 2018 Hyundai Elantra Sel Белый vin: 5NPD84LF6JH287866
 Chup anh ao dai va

---

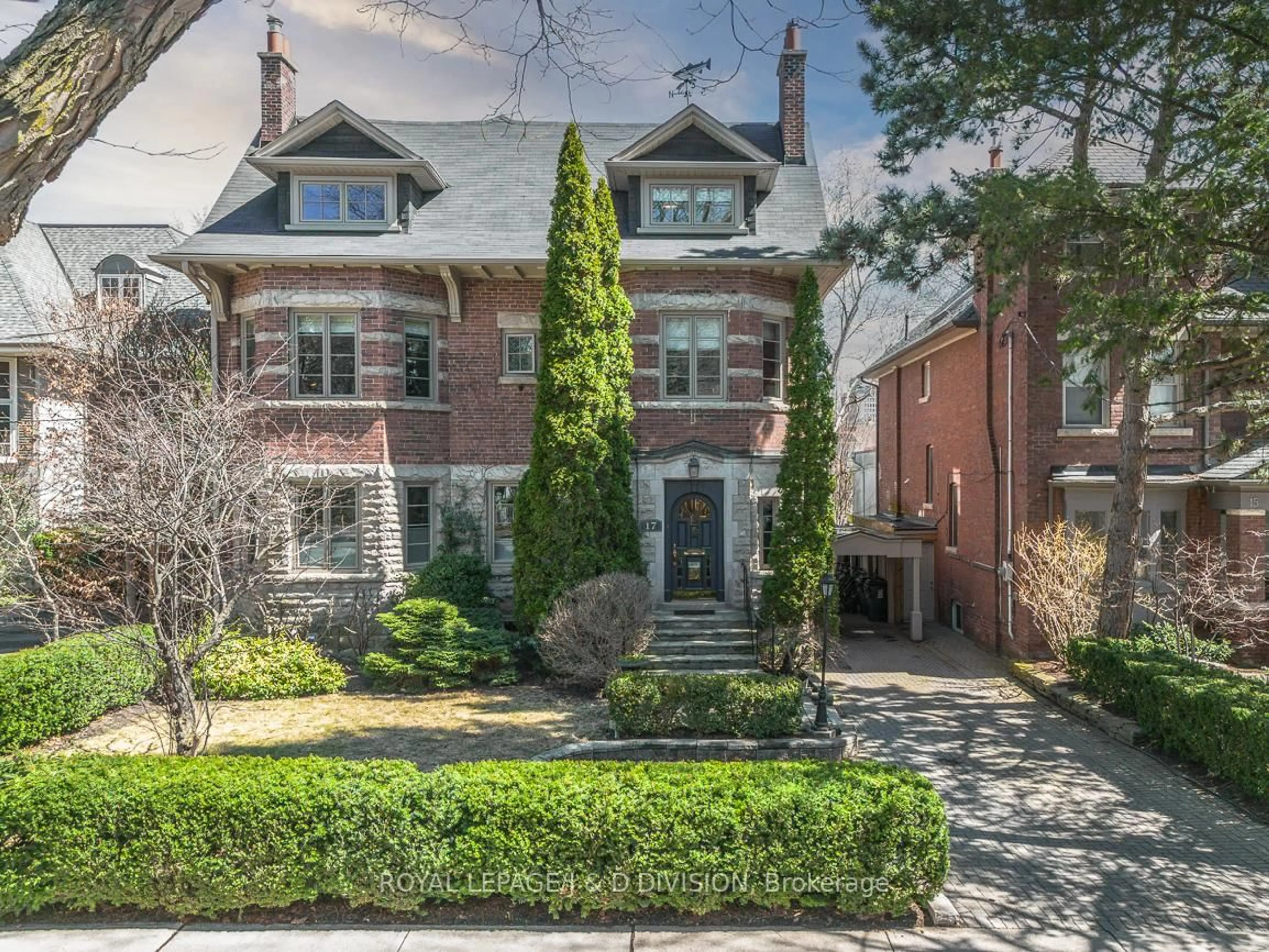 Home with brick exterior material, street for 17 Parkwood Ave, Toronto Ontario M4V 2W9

__WORK TO BE COMPLETED__
Give the exact lines, and only those, from the line containing "2018 Hyundai Elantra" through the line containing "Chup anh ao dai va" in the entries above.

__PROBLEM SOLUTION__
 2018 Hyundai Elantra Sel Белый vin: 5NPD84LF6JH287866
 Chup anh ao dai va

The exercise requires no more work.